Your taste isn't West Elm or Crate & Barrel, nor does it lean exactly toward South Broadway's antique chic. Mid-mod is cool but hard to do right, and American Furniture Warehouse just doesn't turn your head. If you're looking for something funky and ethnic and eclectic, head to Stapleton's Rare Finds Warehouse, which offers a global perspective on furniture that's refreshing and down-home all at once. The selection includes architectural salvage and both new and antique pieces from around the world, some repurposed for contemporary use, making this just the place to find furniture that's anything but run-of-the-mill.

From the name alone, it would be easy to assume that Turn of the Century Antiques has the same type of inventory as so many other shops along Antique Row: vintage furniture and housewares. But assume that and you'd be wrong. Because when you step inside, you're just another face in the crowd: This store is packed with French, German and American dolls from the past hundred years, along with beautiful apparel to fit each tiny figure. A South Broadway mainstay for more than forty years, Turn of the Century is run by the mother/daughter team of Diane and Rachel Hoffman, who are happy to share a wealth of information about their stock. They also offer appraisal services and full-service, museum-quality restoration of dolls.

Ryan Kvande's kinetic sculptures make for attractive objects even when stationary. But start spinning these elaborately carved, mandala-like wooden wheels within wheels, and the soothing effect is, as Kvande puts it, "like getting lost staring at a campfire." Each piece is meticulously handmade, dyed rather than stained to highlight the grain, and mounted with instrument-grade stainless-steel bearings to keep the fire whirling as long as possible.

spunwheel.com

A community abounds inside Level 7, where gamers can play, discuss and geek out safely and securely. So when a thief wandered into the store in early December and brazenly snatched an expensive video-game system, owner Elijah Taylor calmly gave warning and then used some simple self-defense moves to take down the punk and restrain him until police arrived. The moment was less a video-game-styled episode than a human response from the keeper of a safe home for fans.

Twist & Shout
Ken Hamblin III

Looking for an obscure, culty or important work of cinema on Blu-ray or DVD? The first stop on your shopping list should always be Twist & Shout, an independent home for music and movies whose shelves are stacked high and deep. Big-box stores have nothing on Twist & Shout when it comes to connecting you with the latest entries to the Criterion Collection or as thorough a catalogue as you desire for a certain genre. And if the store doesn't have what you want, the staff will order it for you. Drop by after taking in a movie at the nearby Sie FilmCenter to continue expanding your cinematic horizons.
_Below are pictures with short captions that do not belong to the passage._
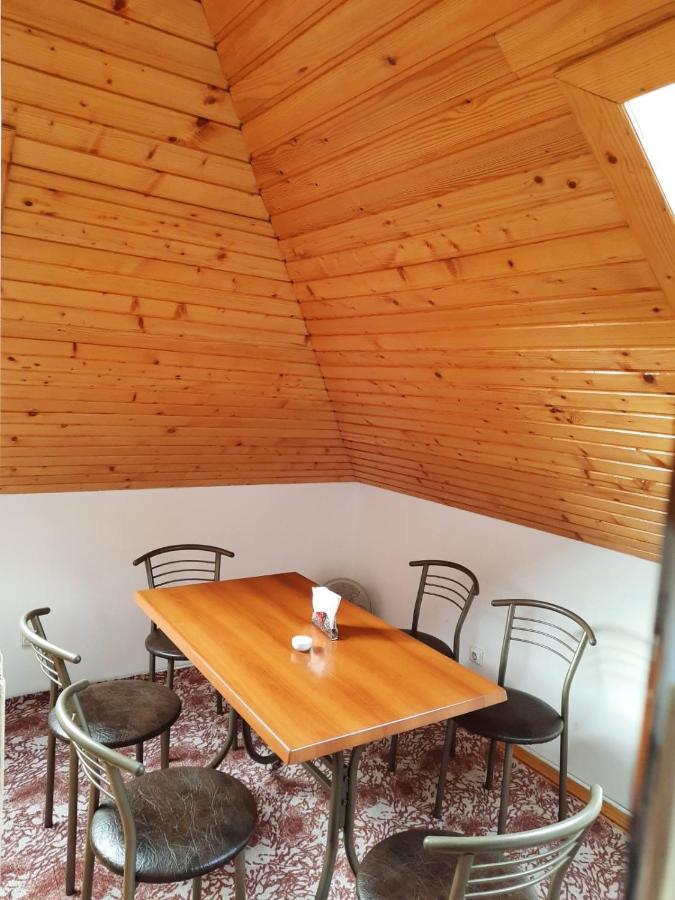 Садиба У Крайлюків Jaremtsche Exterior foto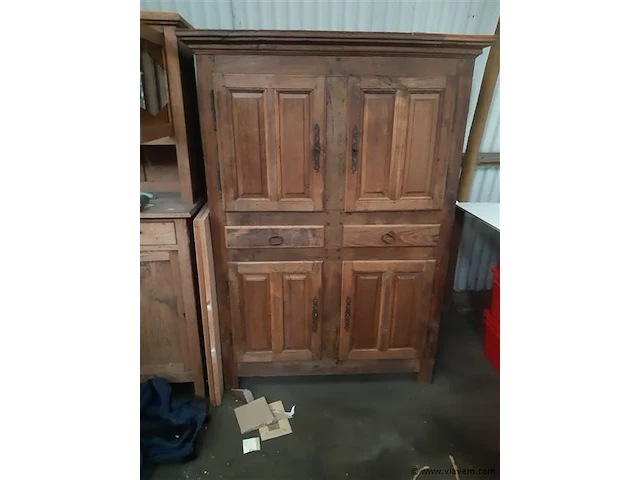 Antieke zware eiken kast - afbeelding 1 van  4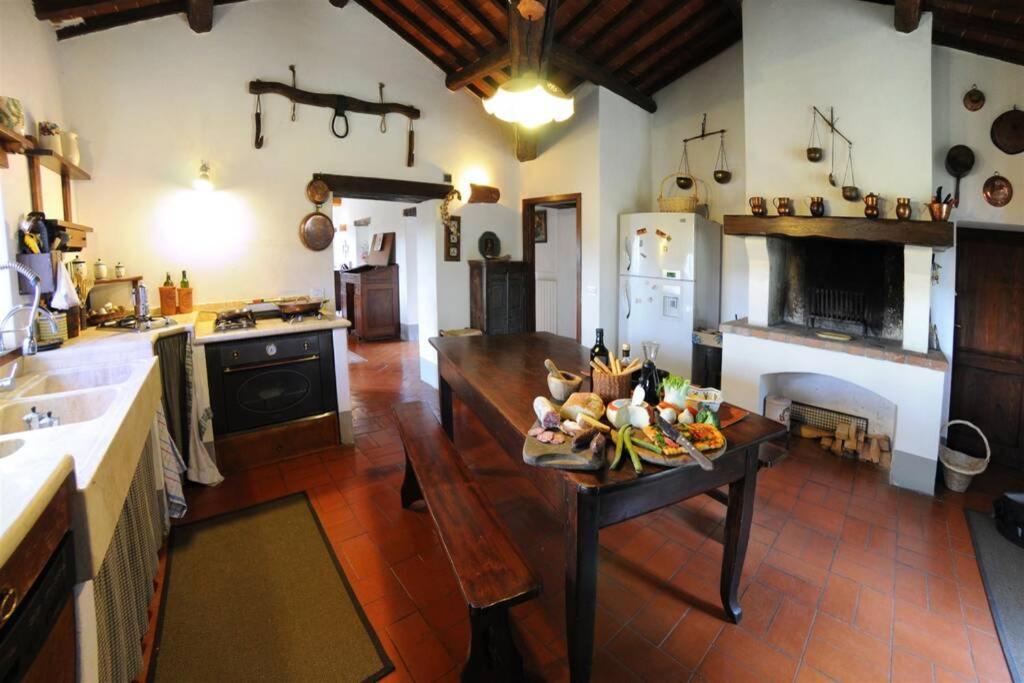 Exclusive Villa Parrano - Countryside With Pool Exterior photo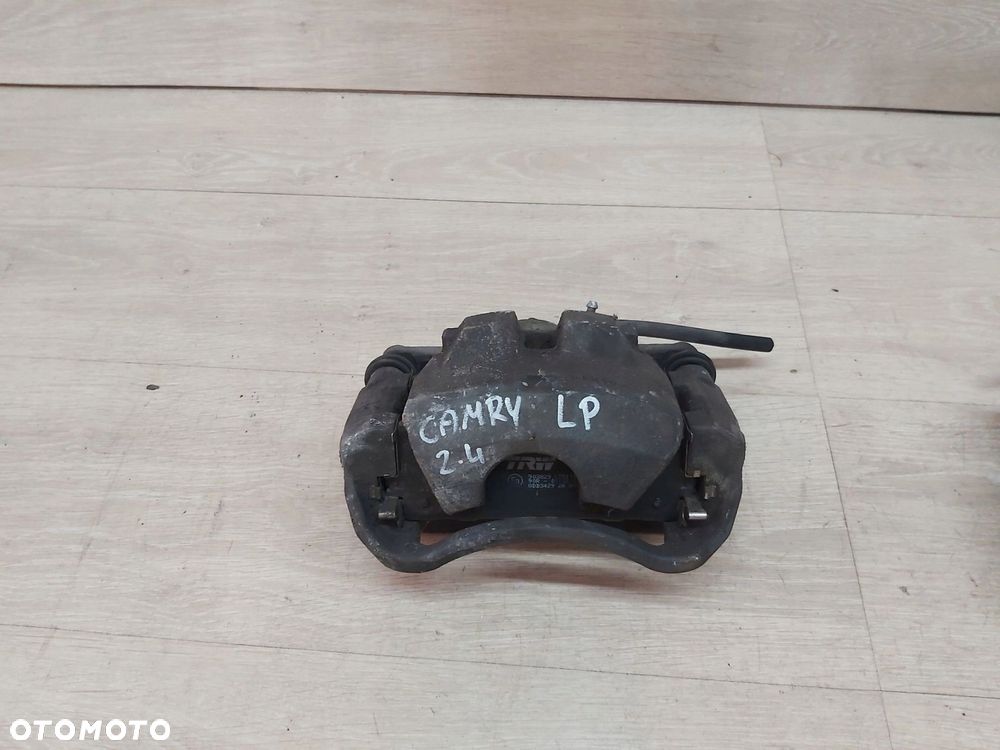 TOYOTA Camry VI XV40 zacisk jarzmo lewy przód 06-11r - 1
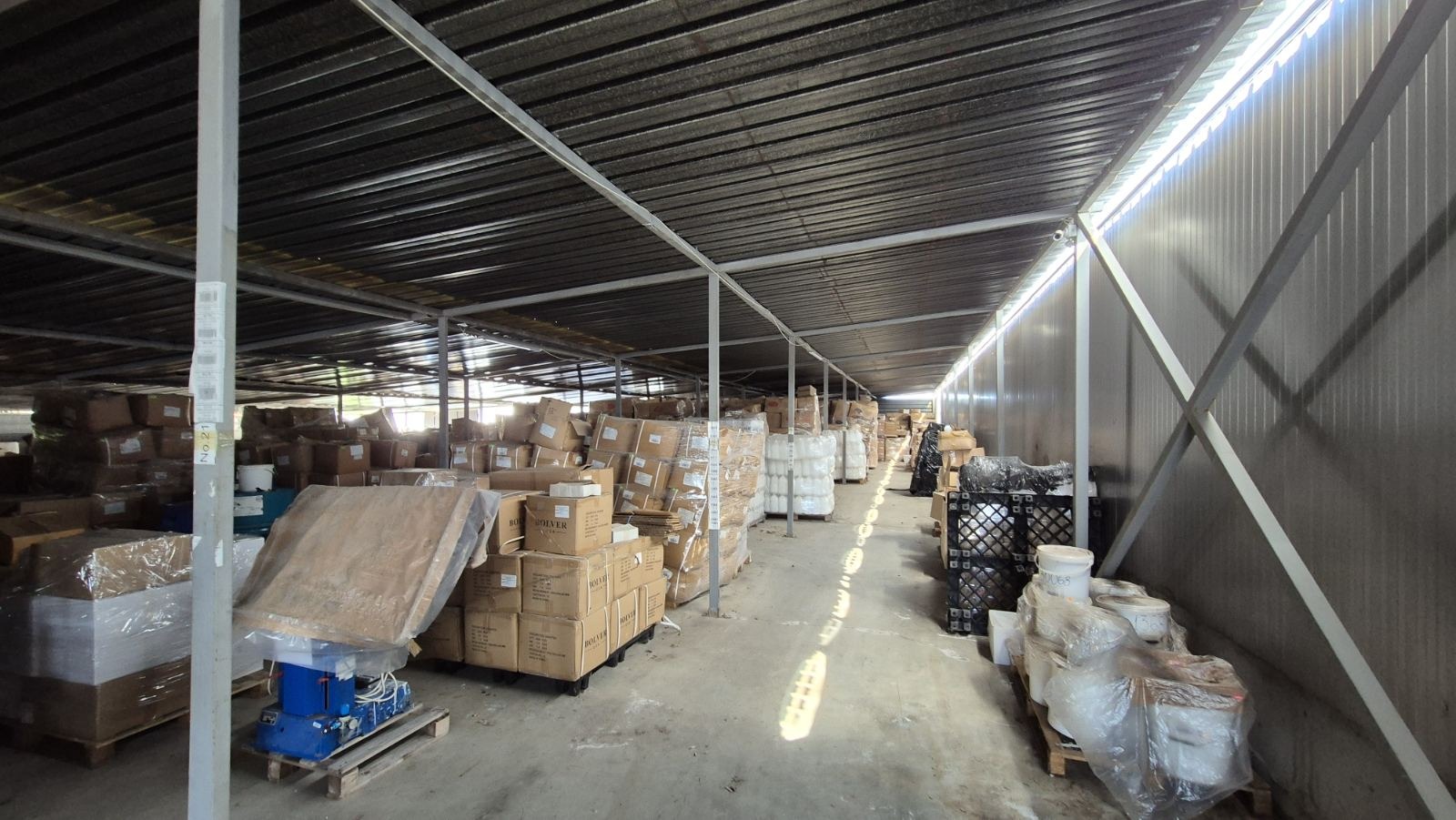 Дава под наем СКЛАД, гр. Радомир, област Перник, снимка 5 - Складове - 54334517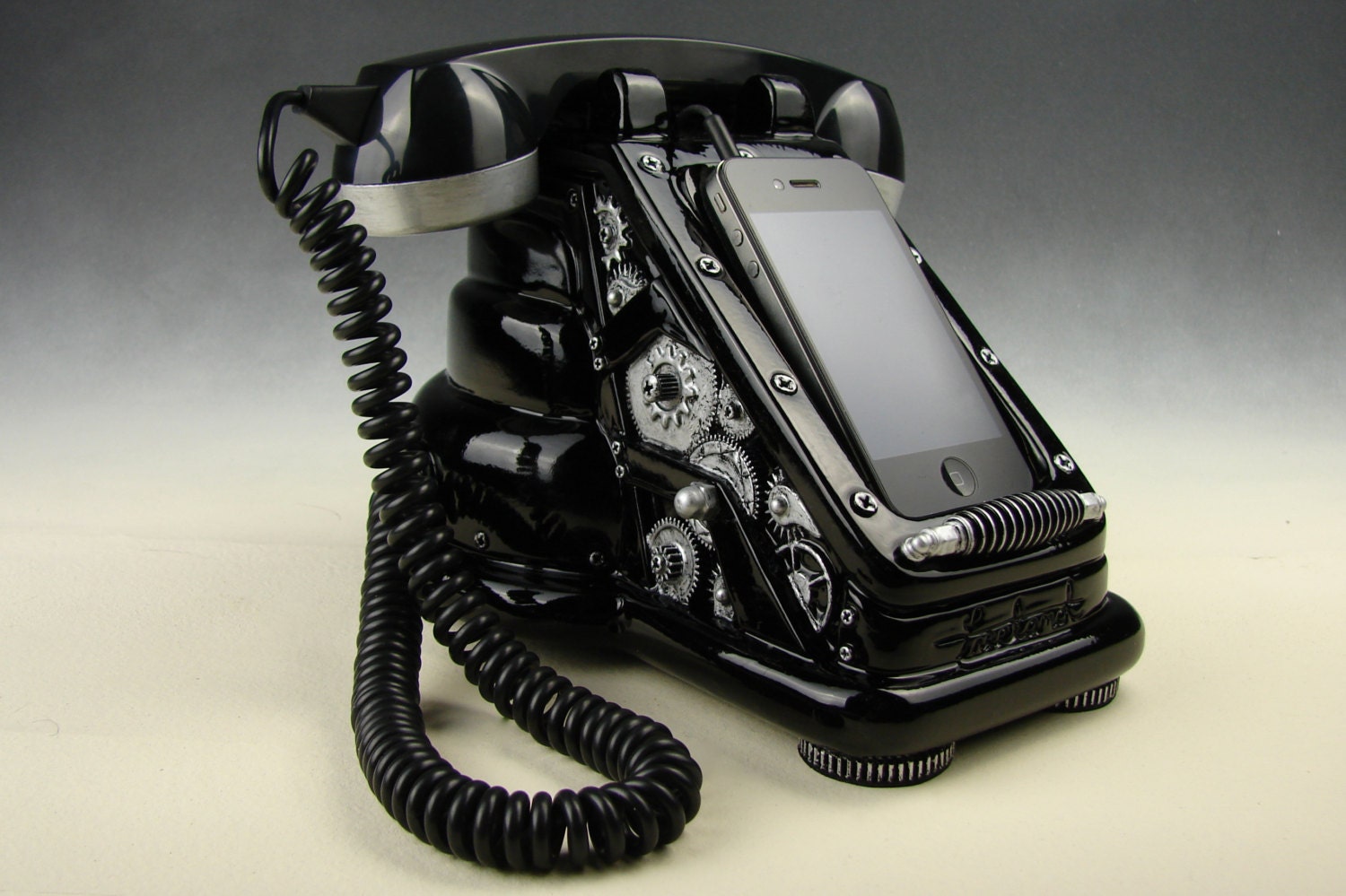 iRetrofone 2.0 Steampunk Silver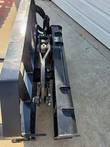 ARTEER rotating pallet forks, rotation cylinder mount and hydraulic hose fittings
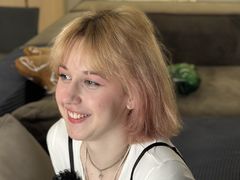 MayraYuasa from LiveJasmin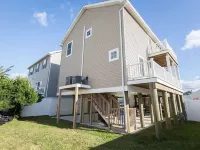 5 STAR AMAZING😙 Private home just for you. Comfy, Cozy, Clean. Steps to beach. ブリゲンティーンのホテル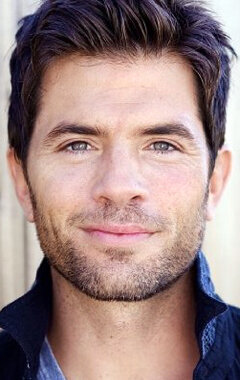 фото Крис Тардио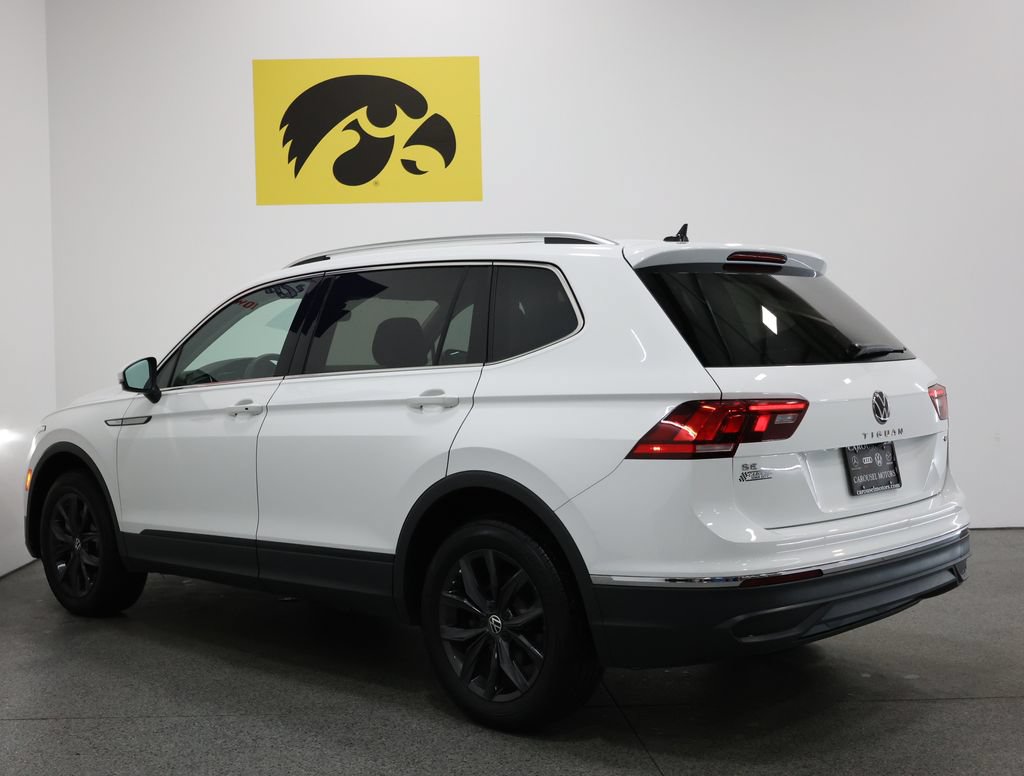 Used 2024 Volkswagen Tiguan SE w/ Panoramic Sunroof Package AWD/4WD image 9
If poster design is one of the final frontiers of art these days, then Jay Shaw is our Jean-Luc Picard, boldly taking posters where no posters have gone before. Inspired by the style of certain Polish artists who find subtle and clever ways to advertise a film and leave a haunting mark, Shaw has made waves with his work on Mondo (mondo-world.com) and has drawn the attention of the Criterion Collection (his Repo Man art is a professional best...so far), Drafthouse Films, major film studios and even first-time filmmakers (some guy named Ryan Gosling). Check out Shaw's work at kingdomofnonsense.com and you'll never look at poster art the same way again.

Joe Oliver, Joe McGrory, Matthew Therrien, Jeffrey Kristian Morris and Kelly Brown aren't household names — yet — but these creatives are ready to save the world with their imaginations and their pens. Thanks to their new collective, Laser Party, which is as strong as a Voltron cat, the young artists are spilling ink on great posters for films, events, comics and more, printing "fine-art collectibles" by rad people, for rad people. Get ready to party, folks.